Task instructions.
Could you reproduce the entries exactly, omitting every picture?

=== Records for processing ===

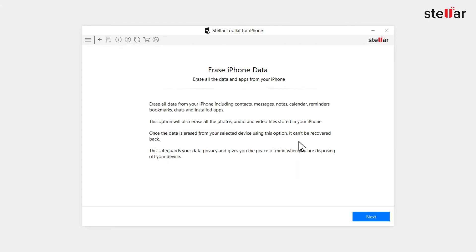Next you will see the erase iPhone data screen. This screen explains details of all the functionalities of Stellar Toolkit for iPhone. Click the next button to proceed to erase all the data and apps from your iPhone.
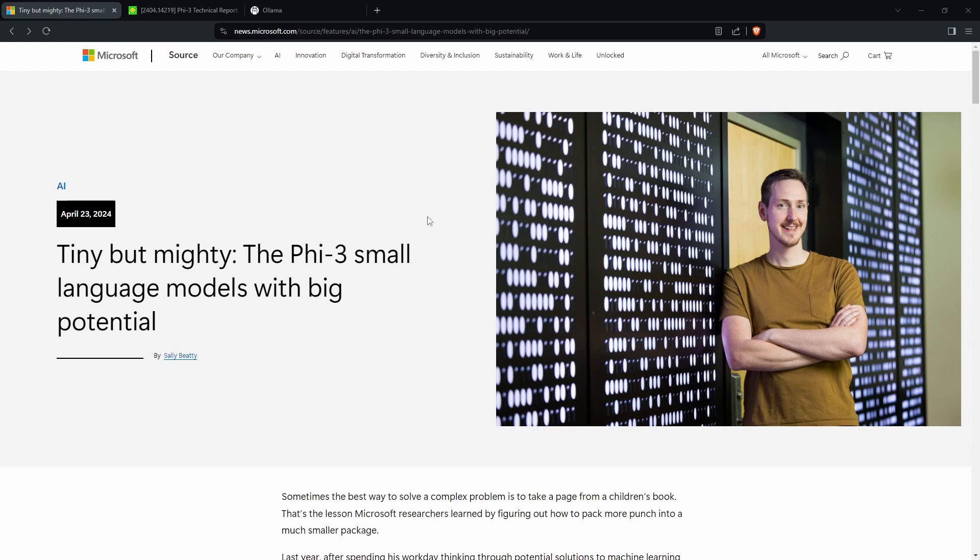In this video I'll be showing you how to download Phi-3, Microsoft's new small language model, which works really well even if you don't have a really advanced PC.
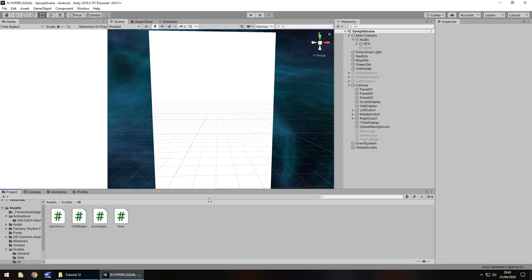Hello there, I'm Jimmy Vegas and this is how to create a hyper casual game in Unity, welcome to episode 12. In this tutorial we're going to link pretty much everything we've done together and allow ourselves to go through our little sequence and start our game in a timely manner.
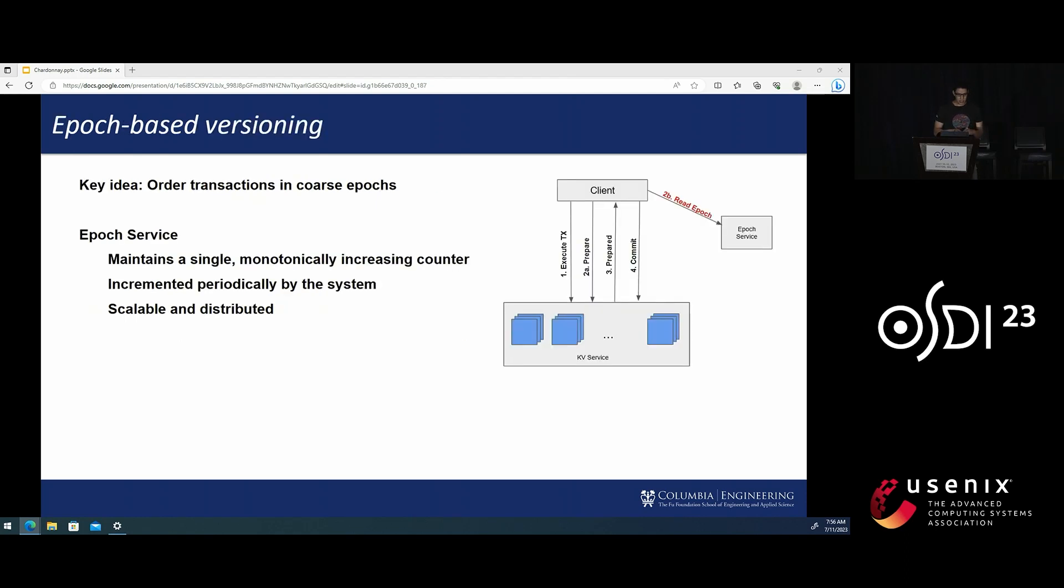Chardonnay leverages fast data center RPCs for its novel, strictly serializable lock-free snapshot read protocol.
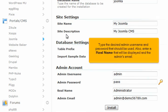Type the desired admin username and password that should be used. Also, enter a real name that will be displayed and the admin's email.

===

Exercise result.
Next you will see the erase iPhone data screen. This screen explains details of all the functionalities of Stellar Toolkit for iPhone. Click the next button to proceed to erase all the data and apps from your iPhone.
In this video I'll be showing you how to download Phi-3, Microsoft's new small language model, which works really well even if you don't have a really advanced PC.
Hello there, I'm Jimmy Vegas and this is how to create a hyper casual game in Unity, welcome to episode 12. In this tutorial we're going to link pretty much everything we've done together and allow ourselves to go through our little sequence and start our game in a timely manner.
Chardonnay leverages fast data center RPCs for its novel, strictly serializable lock-free snapshot read protocol.
Type the desired admin username and password that should be used. Also, enter a real name that will be displayed and the admin's email.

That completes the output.